By: Russ Kamp, Managing Director, Ryan ALM, Inc.
Last week didn’t bring much excitement as it relates to the ARPA legislation for multiemployer pension plans. But it was pretty exciting if you are a NY Giants football fan, as I have been since the mid-’60s. Two wins in a span of 8 days to start a season hasn’t been an easy feat for my beloved Giants. But I’ve digressed – sorry! With regard to ARPA, this was the week that wasn’t. There were no new applications submitted, previously submitted applications approved or denied, and the one approved application still waiting for payment continues to wait.

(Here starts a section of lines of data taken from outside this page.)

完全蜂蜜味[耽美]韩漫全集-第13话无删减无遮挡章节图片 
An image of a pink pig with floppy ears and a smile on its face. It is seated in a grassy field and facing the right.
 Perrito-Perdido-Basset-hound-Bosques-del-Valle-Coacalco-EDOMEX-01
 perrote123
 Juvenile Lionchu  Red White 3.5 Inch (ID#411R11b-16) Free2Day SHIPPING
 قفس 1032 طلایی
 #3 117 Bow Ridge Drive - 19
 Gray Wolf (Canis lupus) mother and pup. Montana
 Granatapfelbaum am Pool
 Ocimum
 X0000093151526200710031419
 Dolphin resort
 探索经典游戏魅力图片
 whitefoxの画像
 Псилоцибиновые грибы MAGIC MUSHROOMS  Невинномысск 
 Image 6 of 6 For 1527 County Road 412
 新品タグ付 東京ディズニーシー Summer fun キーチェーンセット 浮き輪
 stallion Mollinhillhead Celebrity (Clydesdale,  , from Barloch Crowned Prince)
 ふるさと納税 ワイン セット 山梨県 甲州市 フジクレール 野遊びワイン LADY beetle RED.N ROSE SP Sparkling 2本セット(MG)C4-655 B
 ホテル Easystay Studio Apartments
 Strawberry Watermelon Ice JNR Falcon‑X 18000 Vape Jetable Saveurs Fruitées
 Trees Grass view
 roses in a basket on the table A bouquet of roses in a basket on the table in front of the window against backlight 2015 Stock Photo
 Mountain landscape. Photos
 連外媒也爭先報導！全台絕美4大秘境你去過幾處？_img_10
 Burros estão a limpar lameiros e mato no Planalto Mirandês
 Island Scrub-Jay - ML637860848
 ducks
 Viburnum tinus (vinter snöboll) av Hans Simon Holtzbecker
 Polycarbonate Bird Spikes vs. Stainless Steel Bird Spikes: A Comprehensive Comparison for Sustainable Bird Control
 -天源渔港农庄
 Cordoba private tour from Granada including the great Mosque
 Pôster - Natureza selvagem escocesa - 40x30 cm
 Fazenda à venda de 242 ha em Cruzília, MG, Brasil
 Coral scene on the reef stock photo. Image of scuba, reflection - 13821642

To date, 39 funds have filed applications seeking Special Financial Assistance (SFA). Of the 30 that have been approved, 19 have filed a supplemental application seeking additional SFA as a result of the amended PBGC guidelines. There are currently 28 applications in the “review” queue awaiting PBGC approval of which 9 have not received any SFA from the PBGC at this time. What is interesting to me is the fact that there were 114 plans identified by Cheiron as potential candidates during the development of the Butch Lewis Act (BLA). Those Critical and Declining plans at the time were approximately 10% of the universe of multiemployer pension plans.
The PBGC’s oversight of the ARPA legislation has been ongoing for about 14 months at this time. I would have expected more plans to have filed an initial application. The 39 applications represent only 34% of the initial list of candidates. The PBGC still has two priority groups (5 and 6) that aren’t eligible to file an application until 2/11/23. In addition, there may be other plans that will be eligible after Priority 6 plans have filed. Furthermore, 2022’s market action may drive some plans into a more difficult funded status. We’ll monitor that situation as we move through this rate cycle.